Introdução | 1848 e a
emergência da modernidade
Desde os acontecimentos revolucionários de 1848, os
imbróglios em torno da modernidade tomaram de assalto parte considerável da
produção teórica nas ciências sociais e/ou na filosofia. De lá pra cá, verificou-se
a emergência de inúmeras “narrativas” da modernidade, todas vinculadas a algum
ponto de vista social, vale dizer, a uma postura determinada em face das
contradições da modernidade capitalista. Bem entendido, a generalização teórica
(e política) da noção de modernidade é tributária, em ampla medida, da consolidação
hegemônica do capitalismo sob níveis crescentemente internacionais, refletindo
a ambição dos homens modernos em compreender a si mesmo, em antever minimamente
a sua própria autoconstituição como seres propriamente modernos. Assim, “[...]

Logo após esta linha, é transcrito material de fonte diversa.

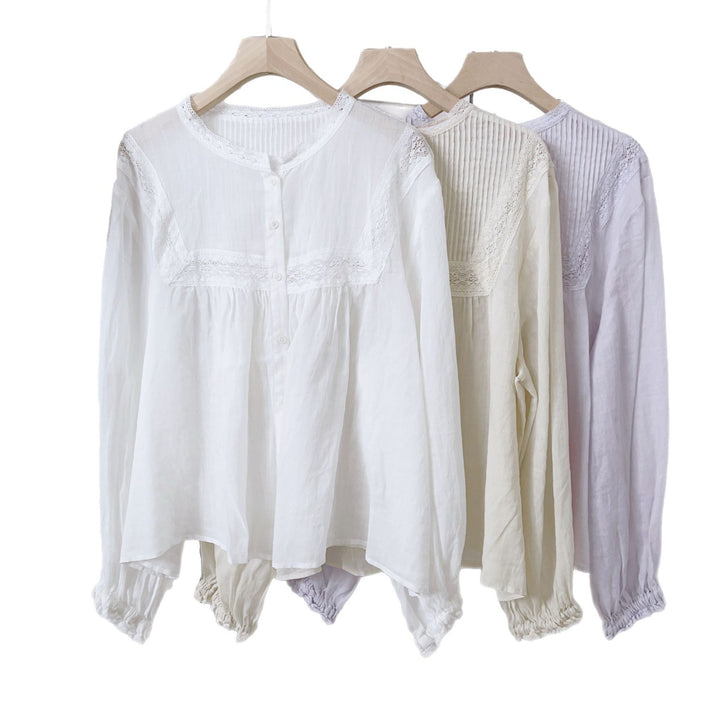 Femme Elegante Knap-Op Bluse med Spidsdekorationer Stilla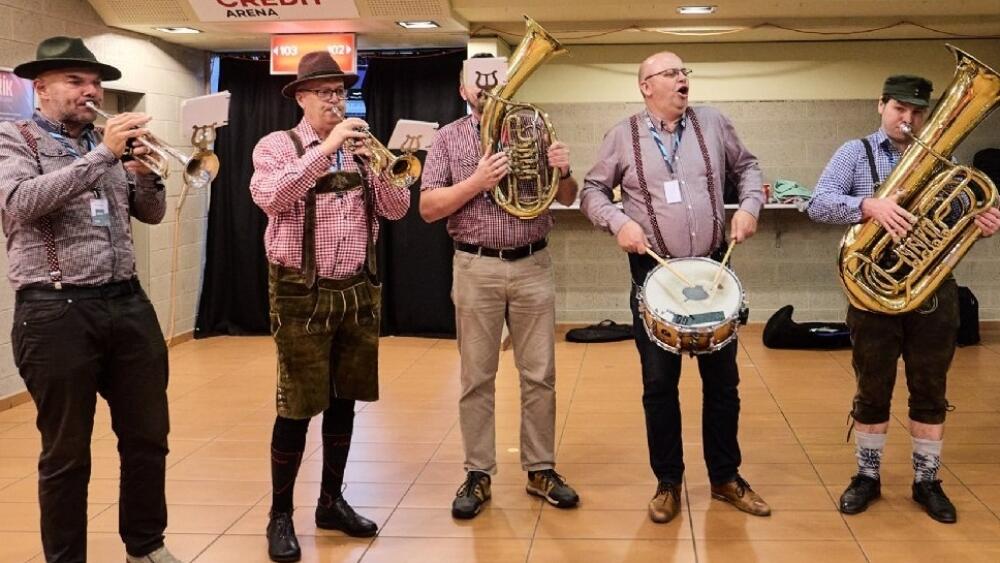 Na ledě boj, v zákulisí tradiční Oktoberfest.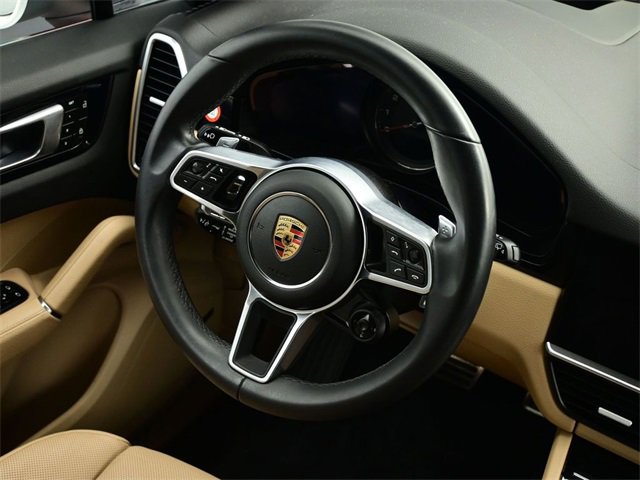 Used 2023 Porsche Cayenne S Platinum w/ Assistance Package image 8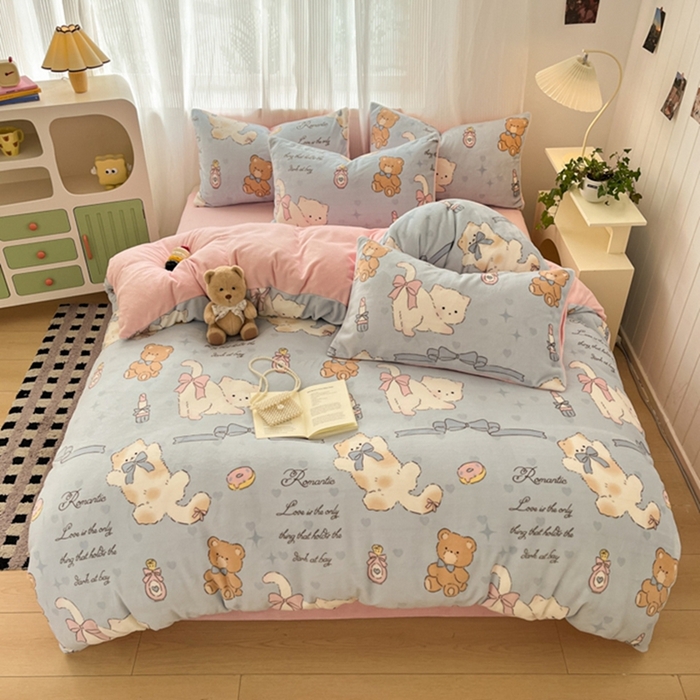 91家纺网 家纺一手货源 找家纺 如一 2025新款高克重大版数码印花牛奶绒四件套 猫咪酱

o próprio conceito de modernidade é moderno e dramatiza as suas próprias
pretensões” (JAMESON, 2005, p.46), e sua força ideológica foi tanto maior
quanto mais se exacerbaram expressões divergentes quanto a seu destino,
revigorando a profunda “capacidade de autocrítica e de auto-renovação
perpétuas”, próprias da “experiência vital” da modernidade (BERMAN, 2007,
p.17).
Sob tal perspectiva, o peso ideológico da noção de modernidade,
enquanto categoria nuclear da definição do capitalismo ainda existente, teria
se tornado tão grande, que, em última análise, só nos restaria compreendê-la,
mergulhando em suas nuances e em suas formas distintas de narrativas, almejando
assim visualizar por dentro os seus laços ideológicos, teóricos e políticos.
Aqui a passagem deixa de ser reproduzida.